By JONATHAN TILOVE
Newhouse News Service
May 22, 1994
OXFORD, Miss. In 1861, the entire student body of the University of Mississippi enlisted in the Confederate Army.
A century later, in 1962, much the same esprit de corps still carried the day as students rioted in a last doomed but deadly battle to keep Ole Miss, as it is most commonly known, lily white.
Now, in 1994, the University of Mississippi is home to the Center for the Study of Southern Culture, the nation’s only graduate program in Southern studies. But something’s changed.
The master’s degrees these days are going to the likes of Susan Glisson.

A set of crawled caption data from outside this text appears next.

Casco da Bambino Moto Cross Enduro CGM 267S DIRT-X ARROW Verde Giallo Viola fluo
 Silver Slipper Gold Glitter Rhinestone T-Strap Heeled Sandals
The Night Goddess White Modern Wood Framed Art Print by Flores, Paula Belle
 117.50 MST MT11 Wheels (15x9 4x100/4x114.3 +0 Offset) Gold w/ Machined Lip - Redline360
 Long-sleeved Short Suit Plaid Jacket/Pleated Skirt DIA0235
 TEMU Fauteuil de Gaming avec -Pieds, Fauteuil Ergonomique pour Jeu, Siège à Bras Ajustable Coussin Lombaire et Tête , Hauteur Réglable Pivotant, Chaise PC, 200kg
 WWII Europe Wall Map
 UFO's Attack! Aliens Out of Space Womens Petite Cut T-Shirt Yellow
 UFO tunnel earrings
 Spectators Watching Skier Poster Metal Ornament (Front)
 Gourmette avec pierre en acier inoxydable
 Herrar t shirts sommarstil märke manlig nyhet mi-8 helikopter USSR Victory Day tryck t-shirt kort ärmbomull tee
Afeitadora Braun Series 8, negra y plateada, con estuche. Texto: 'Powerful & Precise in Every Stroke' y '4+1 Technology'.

Glisson, 26, who grew up in Evans, Ga., outside Augusta, believes her Confederate ancestors fought for a cause that was not only lost but profoundly worth losing. She says her “very Southern” older brothers, both ex-Marine construction workers with pickup trucks and tripwire tempers, would gladly pummel anyone who would hassle her about her boyfriend of five years, who is black. And she did her thesis on a radical white Baptist who created an integrated commune among the pines and peanut fields of rural Georgia at a time when the very notion of racial equality reeked of regional treason.
It is stunning testament to the changing South that 30 years since the Freedom Summer of 1964, which indelibly inscribed Mississippi on the national consciousness as the seedbed of Southern racism, the average student in Southern studies at the University of Mississippi is a liberal-to-radical who loves the South but is anguished by its history of racism and wants to make it right.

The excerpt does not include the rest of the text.